How to parse nagios status.dat file?
Asked Answered
D

7

5

I'd like to parse status.dat file for nagios3 and output as xml with a python script. The xml part is the easy one but how do I go about parsing the file? Use multi line regex? It's possible the file will be large as many hosts and services are monitored, will loading the whole file in memory be wise?
I only need to extract services that have critical state and host they belong to.

Any help and pointing in the right direction will be highly appreciated.

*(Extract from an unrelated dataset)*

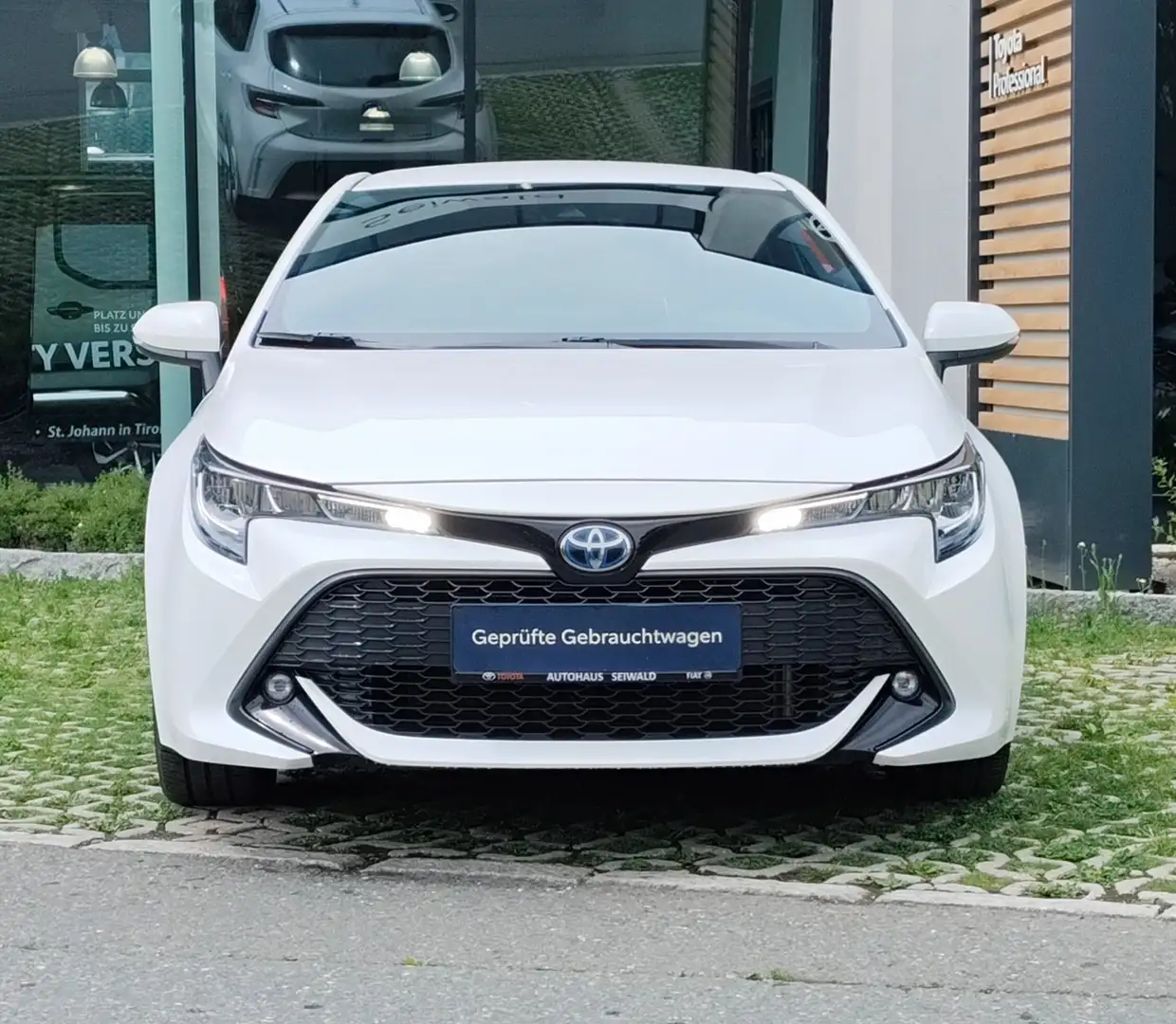 Toyota Corolla Corolla Kombi 1,8 Hybrid Active Active Weiß - 2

LE Here's how the file looks:

########################################
#          NAGIOS STATUS FILE
#
# THIS FILE IS AUTOMATICALLY GENERATED
# BY NAGIOS.  DO NOT MODIFY THIS FILE!
########################################

info {
    created=1233491098
    version=2.11
    }

program {
    modified_host_attributes=0
    modified_service_attributes=0
    nagios_pid=15015
    daemon_mode=1
    program_start=1233490393
    last_command_check=0
    last_log_rotation=0
    enable_notifications=1
    active_service_checks_enabled=1
    passive_service_checks_enabled=1
    active_host_checks_enabled=1
    passive_host_checks_enabled=1
    enable_event_handlers=1
    obsess_over_services=0
    obsess_over_hosts=0
    check_service_freshness=1
    check_host_freshness=0
    enable_flap_detection=0
    enable_failure_prediction=1
    process_performance_data=0
    global_host_event_handler=
    global_service_event_handler=
    total_external_command_buffer_slots=4096
    used_external_command_buffer_slots=0
    high_external_command_buffer_slots=0
    total_check_result_buffer_slots=4096
    used_check_result_buffer_slots=0
    high_check_result_buffer_slots=2
    }

host {
    host_name=localhost
    modified_attributes=0
    check_command=check-host-alive
    event_handler=
    has_been_checked=1
    should_be_scheduled=0
    check_execution_time=0.019
    check_latency=0.000
    check_type=0
    current_state=0
    last_hard_state=0
    plugin_output=PING OK - Packet loss = 0%, RTA = 3.57 ms
    performance_data=
    last_check=1233490883
    next_check=0
    current_attempt=1
    max_attempts=10
    state_type=1
    last_state_change=1233489475
    last_hard_state_change=1233489475
    last_time_up=1233490883
    last_time_down=0
    last_time_unreachable=0
    last_notification=0
    next_notification=0
    no_more_notifications=0
    current_notification_number=0
    notifications_enabled=1
    problem_has_been_acknowledged=0
    acknowledgement_type=0
    active_checks_enabled=1
    passive_checks_enabled=1
    event_handler_enabled=1
    flap_detection_enabled=1
    failure_prediction_enabled=1
    process_performance_data=1
    obsess_over_host=1
    last_update=1233491098
    is_flapping=0
    percent_state_change=0.00
    scheduled_downtime_depth=0
    }

service {
    host_name=gateway
    service_description=PING
    modified_attributes=0
    check_command=check_ping!100.0,20%!500.0,60%
    event_handler=
    has_been_checked=1
    should_be_scheduled=1
    check_execution_time=4.017
    check_latency=0.210
    check_type=0
    current_state=0
    last_hard_state=0
    current_attempt=1
    max_attempts=4
    state_type=1
    last_state_change=1233489432
    last_hard_state_change=1233489432
    last_time_ok=1233491078
    last_time_warning=0
    last_time_unknown=0
    last_time_critical=0
    plugin_output=PING OK - Packet loss = 0%, RTA = 2.98 ms
    performance_data=
    last_check=1233491078
    next_check=1233491378
    current_notification_number=0
    last_notification=0
    next_notification=0
    no_more_notifications=0
    notifications_enabled=1
    active_checks_enabled=1
    passive_checks_enabled=1
    event_handler_enabled=1
    problem_has_been_acknowledged=0
    acknowledgement_type=0
    flap_detection_enabled=1
    failure_prediction_enabled=1
    process_performance_data=1
    obsess_over_service=1
    last_update=1233491098
    is_flapping=0
    percent_state_change=0.00
    scheduled_downtime_depth=0
    }

It can have any number of hosts and a host can have any number of services.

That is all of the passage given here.